FTIR microscope spectra of a cotton seed coat fragment.
A similar study was performed on a cotton leaf trash sample. An optical image of the leaf trash sample is shown in Fig. 13a. Isolated leaf trash samples were very small and a study in a benchtop ATR was not attempted. Spectra were integrated to the bands in the C-O bending region and the resulting chemical image is shown in Fig. 13b. Isolated spectra showed bands associated with cellulose-containing products (Fig. 14). As before, a search of a spectral library matched spectra for leaf samples and cotton fibers. Another limitation of the system regards the size and thickness of the sample; since these experiments are performed in transmission mode, only small trash samples can be studied. Future studies will examine imaging protocols that rely on IR reflection accessories.
Optical image (20×) of (a) cotton leaf fragments and (b) chemical image of the contaminant. Red areas are those that showed intense cotton seed vibrational bands, while blue corresponded to low intensity areas.

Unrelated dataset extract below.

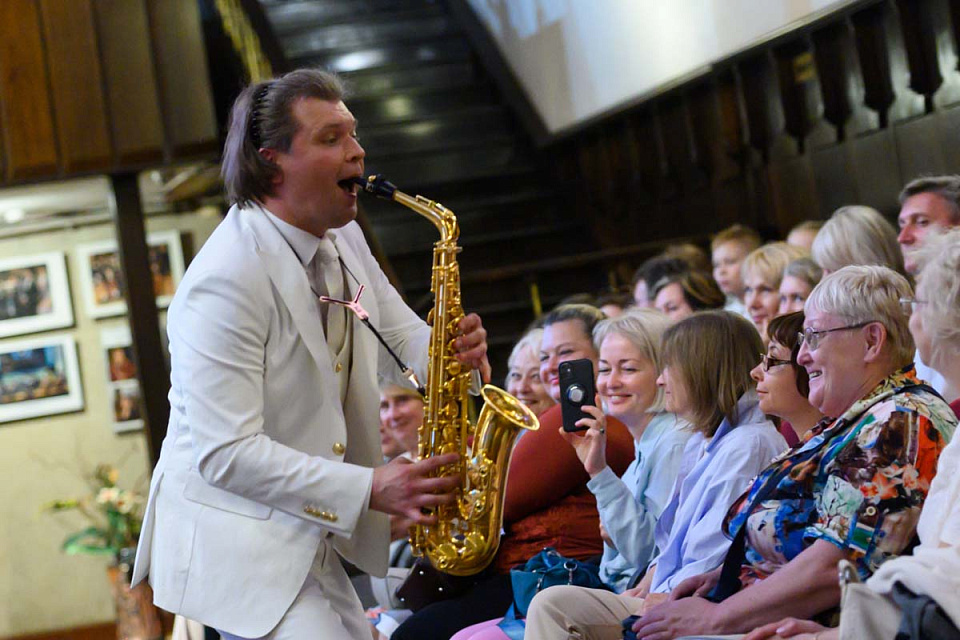 «САКСОФОН. РОЯЛЬ. ОРКЕСТР» С. КОЛЕСОВ, КАМЕРНЫЙ ОРКЕСТР И А. УШАКОВА, «РУССКАЯ МУЗЫКА НА БАЛТИКЕ», 25 Мая 2024г. — фото 11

FTIR microscope spectra of cotton leaf fragments.
Conclusions
This study highlighted the use of a FTIR microspectrometer equipped with a high resolution FPA detector for the identification of microscopic contaminants in cotton fabrics or bundles, and in the identification of cotton botanical trash. The study emphasizes how microspectrometry with a FPA detector can be used in cases where contaminant identification would be difficult with more routine methods like FTIR-ATR. The FTIR microscope system is also capable of producing chemical images of the samples. These images can be effectively acquired in less than 10 minutes per sample, in part due to the high spectral resolution afforded by the FPA detector used. Hence, the system described herein seems particularly useful with minute samples, single fiber threads or specks, or when spatial resolution is needed to make a conclusive identification.
Footnotes
Acknowledgements
The authors thank Monica Concha of USDA-ARS-SRRC for her assistance in this project, and H. N. Cheng, Chris Mattison, and Krystal Fontenot for their suggestions on the manuscript. Partial funding for this research project was provided by Cotton Incorporated.